Segment Start: Recorded information
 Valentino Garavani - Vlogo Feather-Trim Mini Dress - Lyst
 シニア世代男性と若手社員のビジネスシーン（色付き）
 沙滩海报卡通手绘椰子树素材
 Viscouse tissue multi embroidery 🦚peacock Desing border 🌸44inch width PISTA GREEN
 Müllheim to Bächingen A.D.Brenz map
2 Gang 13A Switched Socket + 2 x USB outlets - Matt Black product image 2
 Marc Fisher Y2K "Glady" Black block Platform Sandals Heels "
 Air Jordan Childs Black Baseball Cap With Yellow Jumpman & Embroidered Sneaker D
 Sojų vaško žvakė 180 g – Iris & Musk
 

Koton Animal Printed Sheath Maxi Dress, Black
Segment End: Recorded information
Segment Start: Recorded information
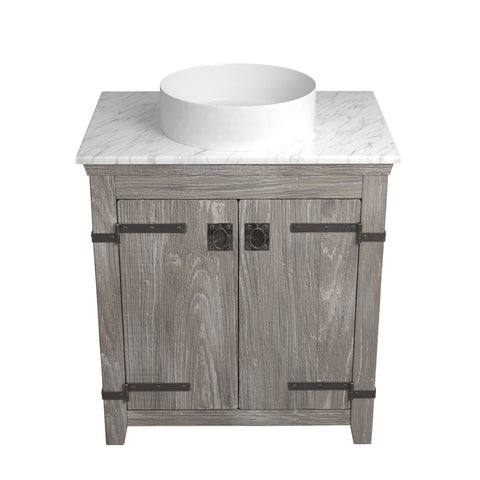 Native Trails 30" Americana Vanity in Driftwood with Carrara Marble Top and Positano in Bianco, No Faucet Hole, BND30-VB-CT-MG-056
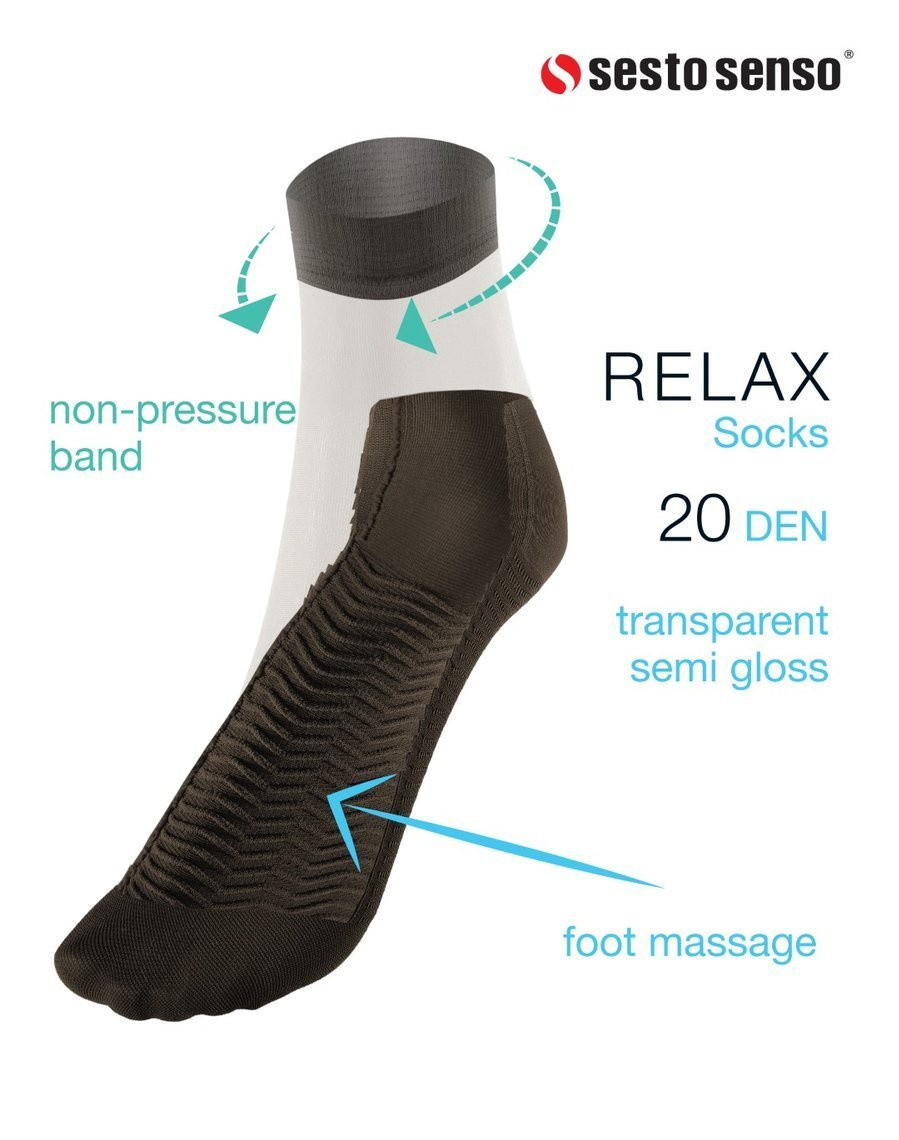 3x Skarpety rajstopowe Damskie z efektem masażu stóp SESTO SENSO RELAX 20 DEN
Segment End: Recorded information
Segment Start: Recorded information
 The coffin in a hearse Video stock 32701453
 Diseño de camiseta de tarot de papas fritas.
Segment End: Recorded information
What you need to do —
Starting at the line above that contains "Müllheim to Bächingen A.D.Brenz map", write out each line exactly until the line that contains "Koton Animal Printed Sheath Maxi Dress, Black" has been written, and stop there.

Output for this task —
 Müllheim to Bächingen A.D.Brenz map
2 Gang 13A Switched Socket + 2 x USB outlets - Matt Black product image 2
 Marc Fisher Y2K "Glady" Black block Platform Sandals Heels "
 Air Jordan Childs Black Baseball Cap With Yellow Jumpman & Embroidered Sneaker D
 Sojų vaško žvakė 180 g – Iris & Musk
 

Koton Animal Printed Sheath Maxi Dress, Black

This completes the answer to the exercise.